▸ **Work order**: Reproduce the section of the listing that begins at the line containing "Armani Hammered Leather Low-Top Sneakers" and finishes at the line containing "JN1BJ1CR3HW116830 Photo# 14". Include both end lines and nothing beyond them.

▸ **Material for this task**:
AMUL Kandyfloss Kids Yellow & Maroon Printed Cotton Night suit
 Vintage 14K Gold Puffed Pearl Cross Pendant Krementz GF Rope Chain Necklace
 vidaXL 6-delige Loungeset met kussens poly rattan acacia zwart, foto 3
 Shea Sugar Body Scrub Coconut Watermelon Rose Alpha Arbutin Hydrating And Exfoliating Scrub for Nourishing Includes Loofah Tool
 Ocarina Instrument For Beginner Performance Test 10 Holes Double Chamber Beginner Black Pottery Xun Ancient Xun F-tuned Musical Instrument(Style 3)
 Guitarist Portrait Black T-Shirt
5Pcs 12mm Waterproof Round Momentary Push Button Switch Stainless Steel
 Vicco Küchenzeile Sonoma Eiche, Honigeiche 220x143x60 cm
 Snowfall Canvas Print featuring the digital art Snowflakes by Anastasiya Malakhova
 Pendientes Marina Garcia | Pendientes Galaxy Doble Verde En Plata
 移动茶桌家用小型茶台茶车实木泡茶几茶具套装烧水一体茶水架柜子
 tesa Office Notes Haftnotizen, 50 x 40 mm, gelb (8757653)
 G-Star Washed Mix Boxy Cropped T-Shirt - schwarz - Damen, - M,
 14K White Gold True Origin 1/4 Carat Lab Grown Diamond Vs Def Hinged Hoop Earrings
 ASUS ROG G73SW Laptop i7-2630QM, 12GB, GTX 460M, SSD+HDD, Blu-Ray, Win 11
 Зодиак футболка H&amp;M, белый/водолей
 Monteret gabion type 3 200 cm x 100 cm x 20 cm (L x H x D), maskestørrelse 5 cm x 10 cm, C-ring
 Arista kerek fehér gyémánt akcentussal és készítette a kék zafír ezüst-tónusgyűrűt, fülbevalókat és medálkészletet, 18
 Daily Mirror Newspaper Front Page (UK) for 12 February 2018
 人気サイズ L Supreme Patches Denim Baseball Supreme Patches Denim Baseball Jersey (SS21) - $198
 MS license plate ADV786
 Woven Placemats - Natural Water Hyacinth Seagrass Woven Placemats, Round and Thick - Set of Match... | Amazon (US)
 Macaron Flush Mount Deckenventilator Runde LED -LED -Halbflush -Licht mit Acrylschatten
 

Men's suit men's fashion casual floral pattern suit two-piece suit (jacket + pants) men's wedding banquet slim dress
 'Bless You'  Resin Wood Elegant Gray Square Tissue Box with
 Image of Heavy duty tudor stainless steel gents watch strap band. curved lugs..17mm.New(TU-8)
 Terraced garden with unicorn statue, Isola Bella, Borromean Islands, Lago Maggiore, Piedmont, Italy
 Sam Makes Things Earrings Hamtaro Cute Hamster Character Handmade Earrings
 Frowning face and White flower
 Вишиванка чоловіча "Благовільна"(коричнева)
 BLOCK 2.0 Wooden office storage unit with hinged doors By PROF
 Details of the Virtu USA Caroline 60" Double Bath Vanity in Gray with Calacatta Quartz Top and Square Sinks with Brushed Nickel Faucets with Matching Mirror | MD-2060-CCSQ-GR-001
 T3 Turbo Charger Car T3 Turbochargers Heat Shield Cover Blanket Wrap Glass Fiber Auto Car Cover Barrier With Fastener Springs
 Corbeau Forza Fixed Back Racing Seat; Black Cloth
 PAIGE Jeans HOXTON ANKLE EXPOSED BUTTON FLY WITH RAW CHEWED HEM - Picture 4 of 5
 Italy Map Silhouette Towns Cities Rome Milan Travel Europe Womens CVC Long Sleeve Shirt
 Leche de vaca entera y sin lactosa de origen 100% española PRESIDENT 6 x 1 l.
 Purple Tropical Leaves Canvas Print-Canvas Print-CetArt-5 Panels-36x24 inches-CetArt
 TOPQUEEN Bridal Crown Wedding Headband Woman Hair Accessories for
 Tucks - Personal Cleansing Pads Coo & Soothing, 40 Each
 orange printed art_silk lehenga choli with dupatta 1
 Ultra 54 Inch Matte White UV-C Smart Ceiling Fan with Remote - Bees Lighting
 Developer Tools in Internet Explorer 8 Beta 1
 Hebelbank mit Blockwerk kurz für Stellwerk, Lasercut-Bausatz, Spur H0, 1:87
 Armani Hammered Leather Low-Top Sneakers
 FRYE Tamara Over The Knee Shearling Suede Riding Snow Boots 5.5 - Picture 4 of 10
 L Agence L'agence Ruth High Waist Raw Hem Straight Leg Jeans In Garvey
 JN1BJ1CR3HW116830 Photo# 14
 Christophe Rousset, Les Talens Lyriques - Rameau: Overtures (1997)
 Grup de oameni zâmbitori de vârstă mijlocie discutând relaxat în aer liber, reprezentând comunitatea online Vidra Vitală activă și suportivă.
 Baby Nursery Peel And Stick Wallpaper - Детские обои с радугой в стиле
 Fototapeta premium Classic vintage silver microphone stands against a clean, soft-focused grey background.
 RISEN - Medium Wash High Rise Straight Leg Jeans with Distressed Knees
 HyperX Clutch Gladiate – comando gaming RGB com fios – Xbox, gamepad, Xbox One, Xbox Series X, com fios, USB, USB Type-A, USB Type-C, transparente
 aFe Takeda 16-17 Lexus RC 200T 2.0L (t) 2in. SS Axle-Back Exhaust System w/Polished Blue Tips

▸ **Task solution**:
 Armani Hammered Leather Low-Top Sneakers
 FRYE Tamara Over The Knee Shearling Suede Riding Snow Boots 5.5 - Picture 4 of 10
 L Agence L'agence Ruth High Waist Raw Hem Straight Leg Jeans In Garvey
 JN1BJ1CR3HW116830 Photo# 14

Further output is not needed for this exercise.